Available data ▸

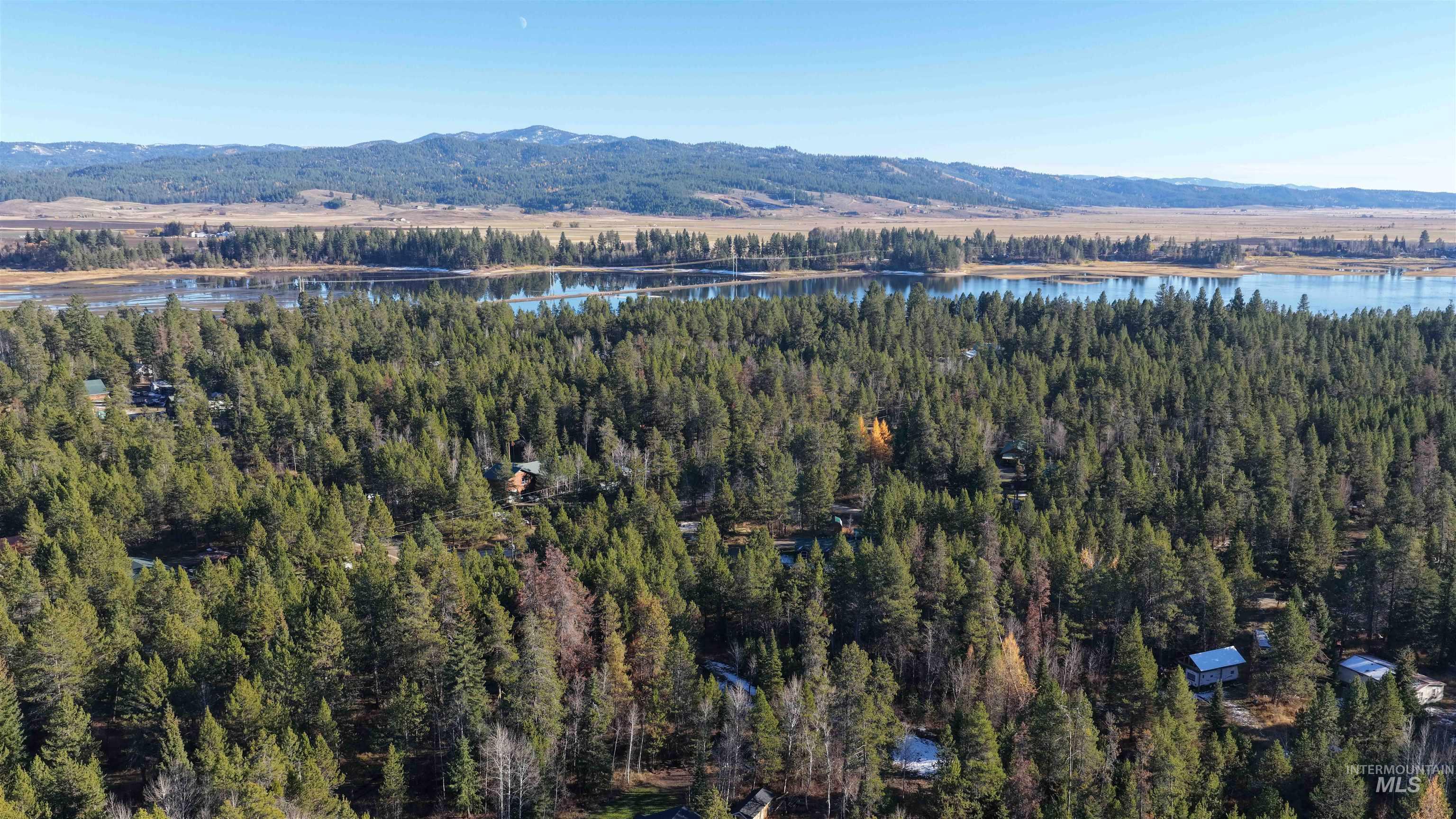 Aerial view of property and surrounding area featuring a water and mountain view and a heavily wooded area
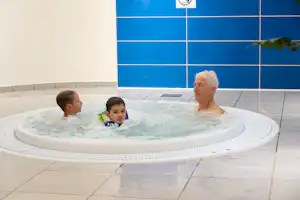 Mann und Kind im Whirlpool im Innenbereich, weiße Fliesen und blaue Wandkacheln im Hintergrund.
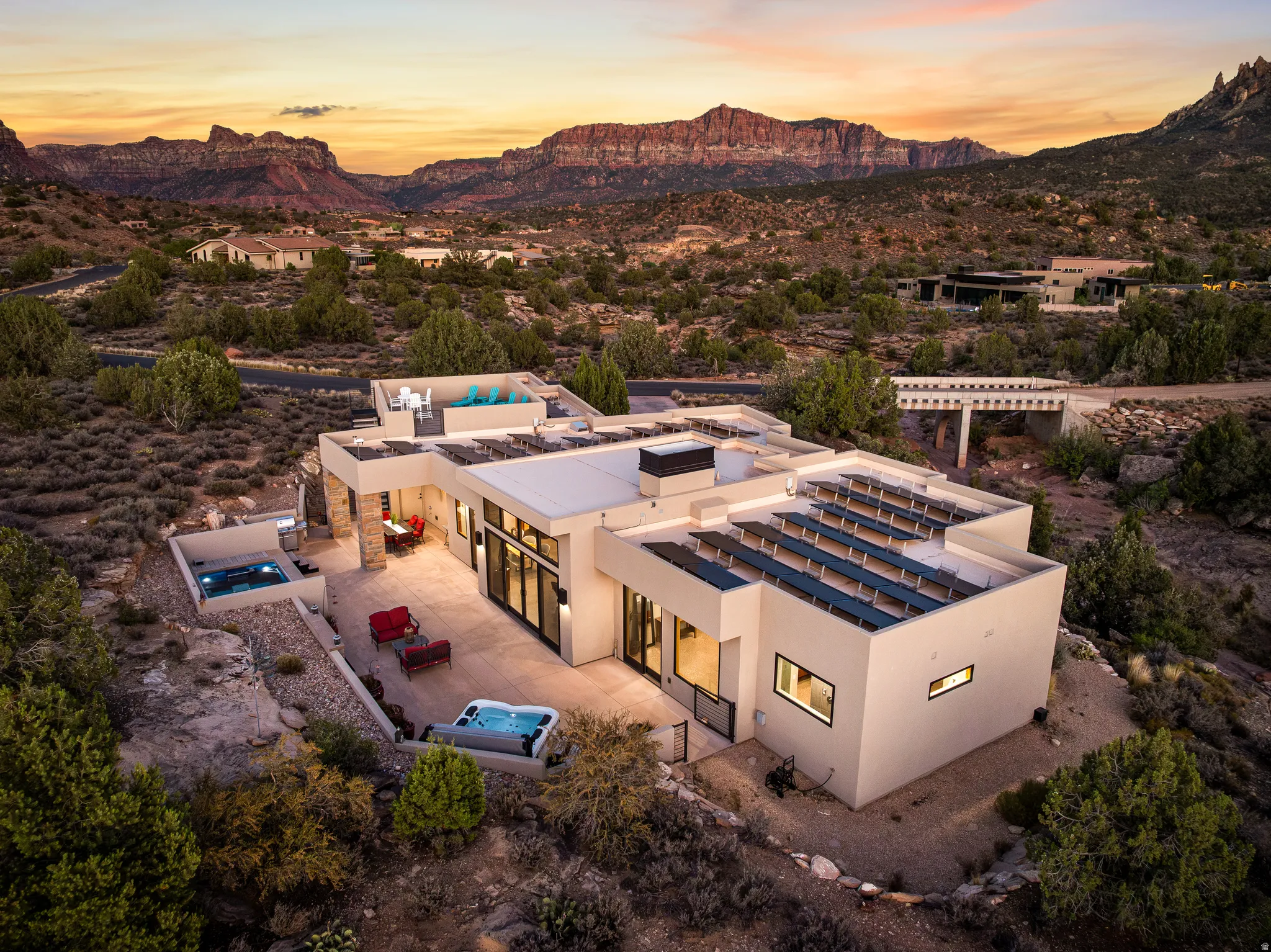 Modern desert architecture featuring multiple outdoor entertaining areas, a private spa, rooftop deck, integrated solar panels, and prominent red rock formations in the distance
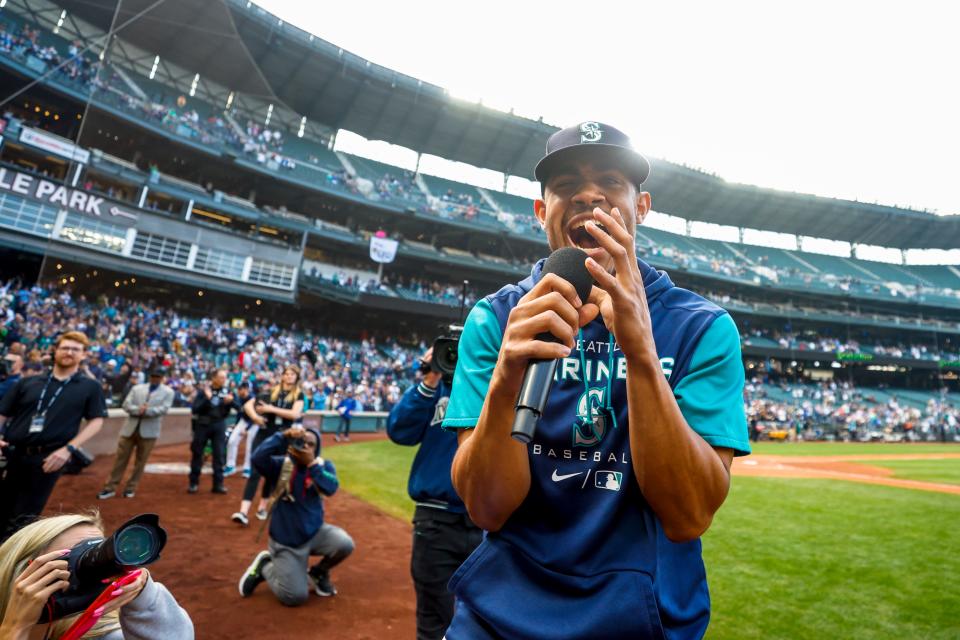 Julio Rodriguez addresses the crowd in Seattle after the regular season finale.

Directions ▸ The answer should contain nothing but the lines from the top of the data above through the line containing "Modern desert architecture", copied exactly, with no images.

Answer to the exercise ▸
 Aerial view of property and surrounding area featuring a water and mountain view and a heavily wooded area
 Mann und Kind im Whirlpool im Innenbereich, weiße Fliesen und blaue Wandkacheln im Hintergrund.
 Modern desert architecture featuring multiple outdoor entertaining areas, a private spa, rooftop deck, integrated solar panels, and prominent red rock formations in the distance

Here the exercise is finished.